The Shockers will not pay an exorbitant exit fee to depart the MVC. By leaving so quickly and starting AAC play this fall, Wichita State will have to forfeit its share of the annual conference revenue distribution. It also will have to leave its portion of the NCAA tournament unit shares it earned. (Wichita State officials aggressively objected to inserting a significant exit fee after Creighton left the league in 2013, hinting to Valley schools that the Shockers may be eyeing a move).

For the AAC, the move pushes the conference to 12 members in basketball. The plan is for the AAC to continue with an 18-game conference schedule, according to a source. More importantly, it gives the league another marquee team after a season in which the AAC placed just two teams—SMU and Cincinnati—in the tourney. The AAC had four teams make the NCAAs in 2016.

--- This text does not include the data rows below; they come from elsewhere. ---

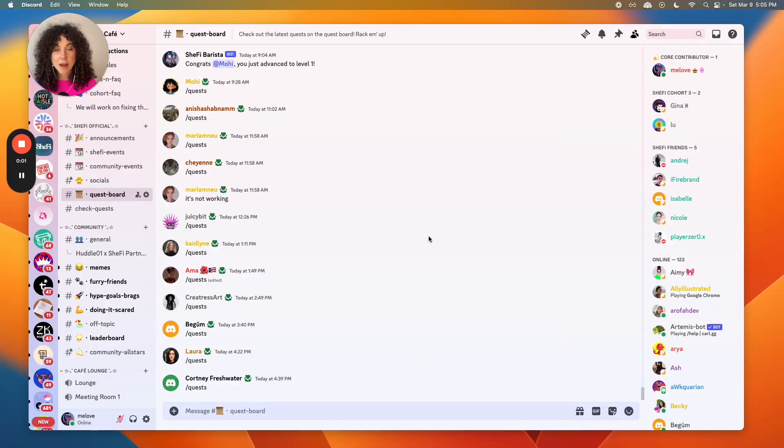This is a demo of how to use the quests bot in the SheFi Discord. The quest bot is powered by Wunder.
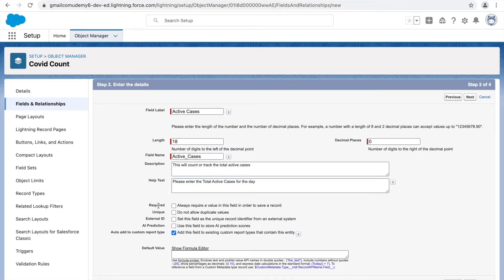There's a checkbox to mark the field required — we want this required so the user must enter a value when saving the record. For uniqueness: we won't mark it unique because two consecutive days could have the same number of active cases. External ID is used when interacting with an external system. For AI prediction, this relates to Einstein Analytics so we won't check it. You can also add it to a custom report type for reporting.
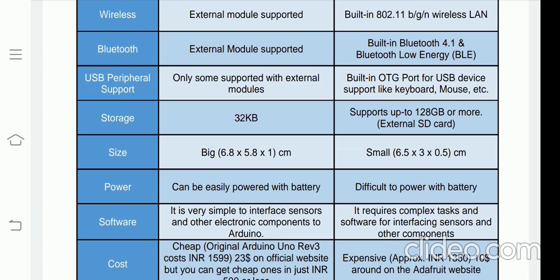For storage, Arduino has only 32 kilobytes of memory. In the case of Raspberry Pi, you can attach up to a 128 GB external SD card. We saw the external SD card used with Raspberry Pi — below the board, we insert a micro SD card, and you can use up to 128 GB of memory card with your Raspberry Pi.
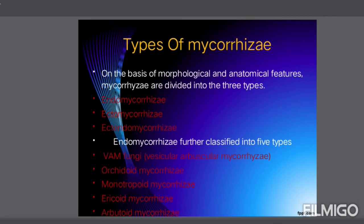Types of mycorrhiza: on the basis of morphological and anatomical features, mycorrhizas are divided into three types — ectomycorrhiza, endomycorrhiza, and ectendomycorrhiza. Endomycorrhizas are further classified into five types: VAM fungi (vesicular arbuscular mycorrhiza), archoid mycorrhiza, monotropoid mycorrhiza, ericoid mycorrhiza, and orchidoid mycorrhiza.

The primary lure for the AAC adding Wichita State is additional basketball prestige. The Shockers have reached six consecutive NCAA tournaments, including the Final Four in 2013. The Shockers also went 34-0 in the 2014 regular season, earning a No. 1 seed before falling to No. 8 seed Kentucky in the second round.

Shockers coach Gregg Marshall is considered one of the country’s elite coaches and makes more than $3 million per season there.

Financially, the league will benefit from the NCAA tournament units the Shockers are expected to bring. Each NCAA tournament game appearance a program makes is worth $1.6 million, which is split among teams in the conference.

The Shockers should deliver value immediately. Sports Illustrated projects Wichita State as a top-10 team for 2017-18. The Shockers return virtually all their key players from a squad that went 31-5 and lost to No. 2 seed Kentucky in the Round of 32 last month. (Former walk-on John Robert Simon was the team’s lone scholarship senior).

The AAC is set for a new television contract in 2020, but Wichita State’s addition won’t dramatically change that deal. Conference contracts are heavily slated toward college football, which means one high-end basketball-only school like Wichita State will provide only a slight impact on the bottom line of the AAC’s new deal.

The Valley has been prepared for weeks for the loss of Wichita State. Prior to the start of the NCAA tournament, Valley Commissioner Doug Elgin told SI that “he wouldn’t be genuine” if he wasn’t concerned about the Shockers’ potential departure. A meeting of Valley officials will commence on Sunday in St. Louis to discuss life after Wichita State. The league sits at nine programs with the loss of the Shockers, and officials are expected to discuss candidates to replace them.